Hierarchy Structure: in every given convex hull there is a maximum size convex hull which is can contain maximum only one edge of adjacent vertices and all other edges should be from non-adjacent vertices of the given convex hills.

For example, on the picture below, we have the set $<P_{0},P_{1},P_{2}>$

Hierarchy Structure

$h_{i}$ - is the number of vertices of convex hull $P_{i}$, $h_{i} \leq \frac{h_{i+1}+1}{2}$

According to definition there is at most log$n$ such convex hulls, where $n$ is the number of vertices of a given convex hull.

Unfortunately I haven't found precise definition of Hierarchy Structure in textbooks of computational geometry. If anyone familiar with the above definition, please send me a link.

Having defined the Hierarchy Structure I have to prove the following lemma.

Lemma1. If $P$ is a convex hull and $P'$ in the next convex hull after $P$ in Hierarchy Structure, $q$ is the point in $P \setminus P'$, in this case two tangent line from $q$ to $P'$ are going through two adjacent vertices of convex hull $P'$ (see the picture below). And a polytop that is formed from adding $qx$ and $qy$ to $P'$ and deleting $xy$ from $P'$ is actually convex.

enter image description here

The problem is I cannot figure out how to prove it rigorously. The prove of the second part of the lemma seems very obvious, if $q$ is the external point to $P'$ so adding this point will form new convex hull. But how to show that needed operations is deleting $xy$ and adding $qx$ and $qy$. Also it seems like the prove of second part should help to prove the first part. If you have any idea how to prove this lemma correctly I'll appreciate if you share it with us.



1 Answer 1


The operation you describe is equivalent to a step in the incremental algorithm for constructing a convex hull algorithm. Take $q$ to be a new point and $P'$ is your partial hull just before processing $q$. Since $q$ is external to $P'$ and does not evict any existing hull vertices. It must be the case that the resulting polygon is convex.

Proving convexity can be done in two ways.

  1. Show that the hull is an intersection of half-planes.

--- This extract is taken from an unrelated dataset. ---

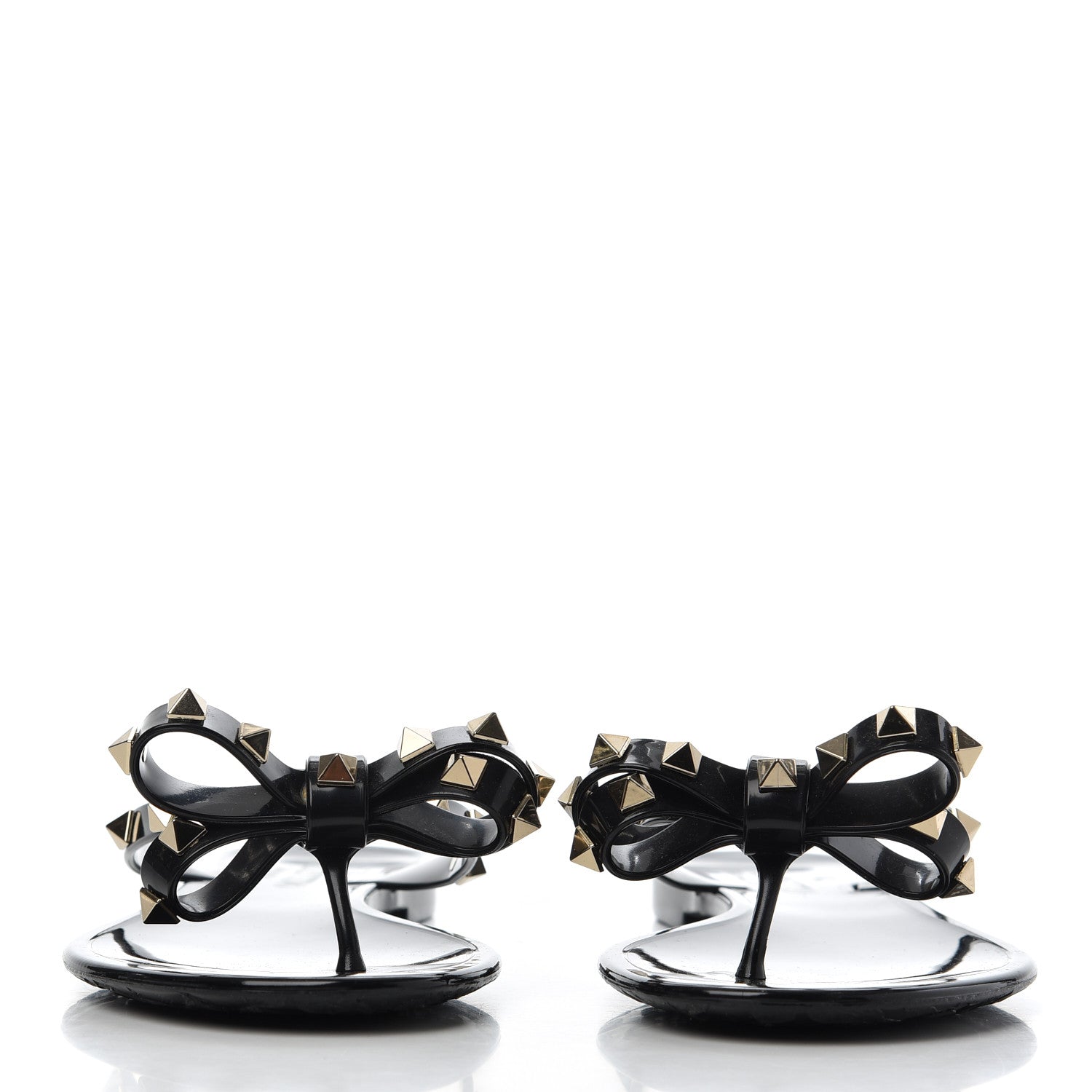 Valentino Garavani PVC Jelly Rockstud Bow Thong Sandals 37 Black 2 of 13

Since P' is already convex, all you have to do is to show that the each of the two support lines passing through $qx$ and $qy$ divide the plane into two half-planes, one of which is empty.

  2. Another way to go is that show that any point in the resulting polygonal area can be constructed as a convex combination of the vertices. You might want to proceed to show that the extension to $P'$ does not introduce a point that couldn't be defined as a convex combination of the vertices -- an argument by contradiction should be straight-forward.